In the spotlight we saw a Ringtail Possum and a Greater Glider high in the trees. Unfortunately there are not many mature hollow trees in the sanctuary itself so the gliders and possums and many other hollow-nesting animals are rare. This brought to mind a poem I wrote years ago for my children called "Nobody Likes a Dead Gum Tree".
Nobody Likes a Dead Gum Tree
Nobody likes a dead gum tree!A danger to have around.
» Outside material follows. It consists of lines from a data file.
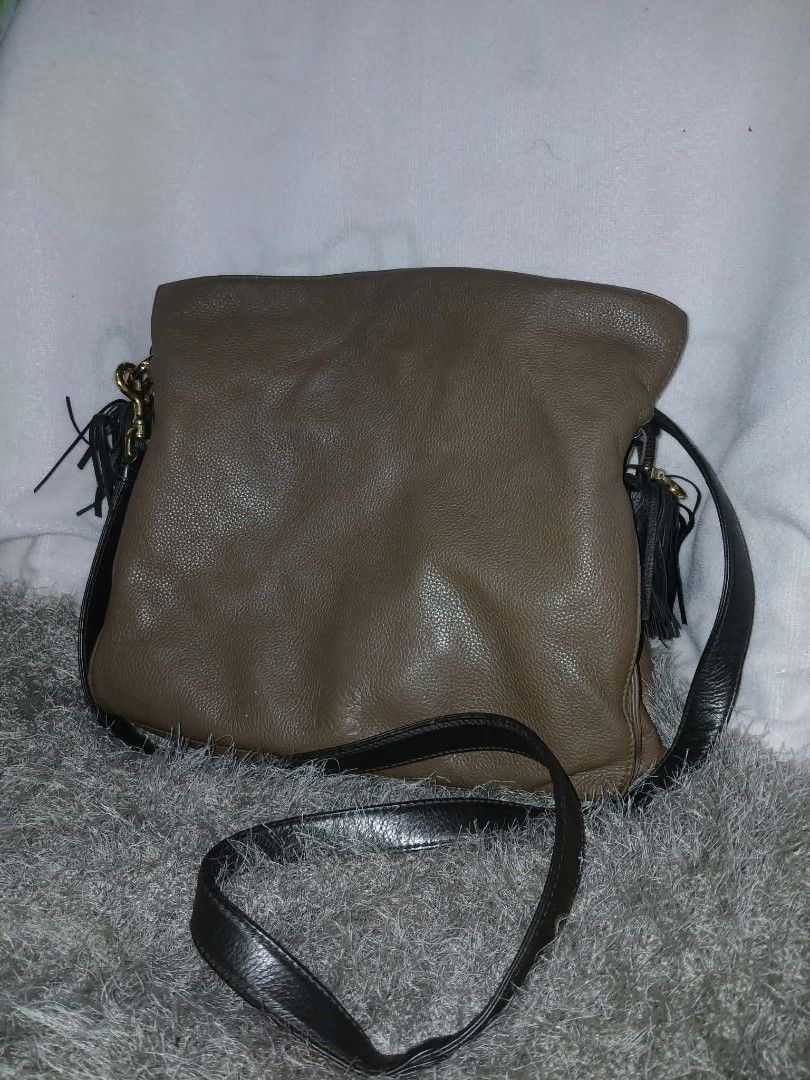 Loewe Flamenco Shoulder Bag (Category: Cross-body Bags) located in Manila. Submitted by chifind_s (Listing ID 1468330522, Image 1). Description: - Material: Premium brown pebbled leather with black leather straps and trim - Hardware: Dark metallic accents - Design: Soft, slouchy silhouette with playful black tassel charms - Closure: Secure top zip closure - Strap: Includes a long, adjustable strap for versatile crossbody or shoulder wear - Condit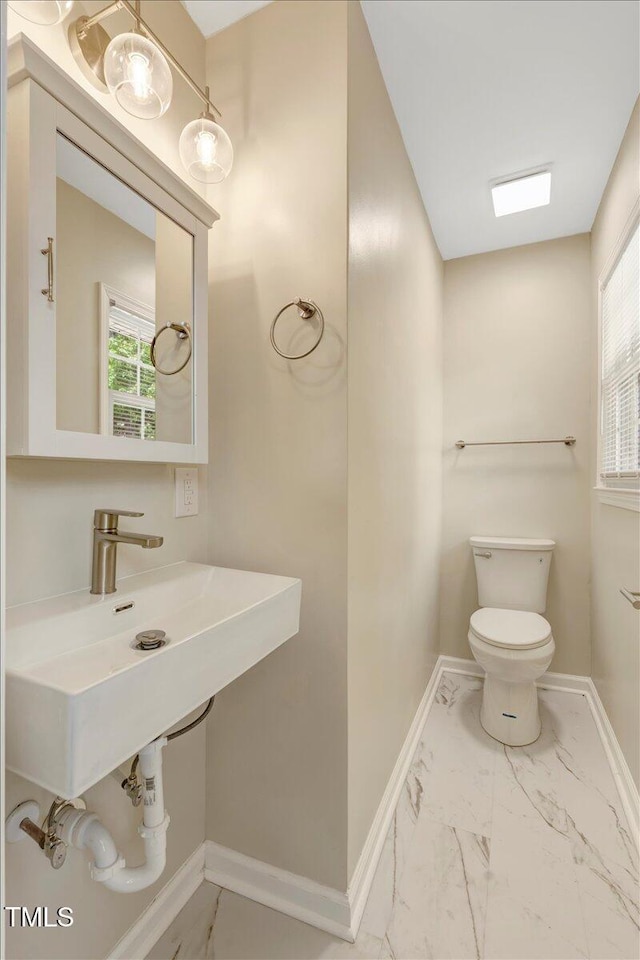 101 Apollo Cir, Roanoke Rapids, NC 27870 - half bathroom featuring toilet, marble finish flooring, and baseboards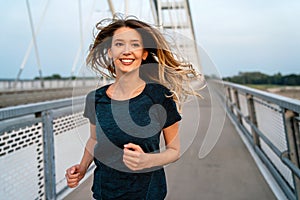 Portrait of young fit attractive happy fitness woman in city. People healthy lifestyle concept.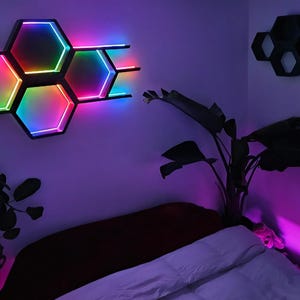 May include: A wall-mounted, black, hexagonal light fixture with color-changing LED lights. The fixture is composed of several connected honeycomb shapes, emitting a vibrant spectrum of colors. The room is decorated with plants and other hexagonal shelves.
It could fall on the house or on a friend,
The fears for life abound.
A branch might snap in a sudden storm
And fall - CRASH - to the ground
Or the whole huge tree might topple down
With a terrible deafening sound.
Nobody likes a dead gum tree!
Or is it really so?
A dead gum tree makes a cosy home
For lots of friends I know.
I saw a dead gum tree in the bush
Where bees had built their hive,
An owl had a nest in a hollowed out branch
That couldn’t have been alive,
A glider slept in a cosy bed
In the hollow trunk, unseen,
And a family of lorikeets raised their young
In a hole where a branch had been.
Millions of tiny creatures too
Took advantage of the tree.
Cicadas shed those dry brown skins
As they climbed up to be free.
They sing a song for all to hear,
They’ve seen the day at last
And shrill the praise of their gum tree
To all who happen past.
The ants find food, the slaters rest
And the fungus grows supreme
And spiders spin their silvery webs
In the dead gum trees I’ve seen.
And what a gnarled and twisted shape
It forms as it lives and dies.
Through wind and storm, fire and drought
It looks so old and wise.
The shape inspires a thousand dreams
Of ghost or witch or sage
Or caves of treasure rich and rare;
A shape that comes with age.
Nobody likes a dead gum tree!
What rubbish! How absurd!
About its ugly useless form
I won’t believe a word.
Nobody likes a dead gum tree!
No-one at all ‘cept those
Who live in it or hide in it
Or just admire its pose.
By Betty Jacobs, April 1979
Back home by about 10pm to collapse into bed for a restless night in the cold. Up again for breakfast and a bit of “nesting” before heading back to Aussie Ark for the day (this time we all took our jumpers).
Our first task was to check the Devil Traps where we had trapped about 10 Devils to be weighed, dust wounds with antiseptic powder and apply a topical tick and flea treatment.
The other group checked the Elliot Traps before the small mammals overheated. These included 5 house mice, 2 Antechinus and a swamp rat. We also had small macropod traps to check and were able to radio-collar the Potoroos and release 2 Bandicoots with pouch young. Then it was the turn of the Eastern Quolls to be radio-collared.
Morning tea then off to build a “soft” predator-proof fence enclosure in which animals will be released then gradually allowed to escape into the larger sanctuary enclosure when all the predators have been removed.


The afternoon was spent re-setting the rodent traps, feeding the Brush Tailed Rock Wallabies and the Quolls and then ourselves. While eating we watched a Wedge Tailed Eagle stealing food from the Tassie Devil pens. They learn quickly!
Dinner was early then some of us returned to the house to catch up down time and sleep rather than joining the spotlighting group. We even watched Platypus in a dam on the way back.

Our final morning was spent packing, processing the traps, feeding the menagerie and having one final cuddle of the joey Tassie Devils and Potoroo. Then for our long journey home past the Xanthhorhoea glade in our various directions after an exhausting, inspiring and full-on hands-on three days.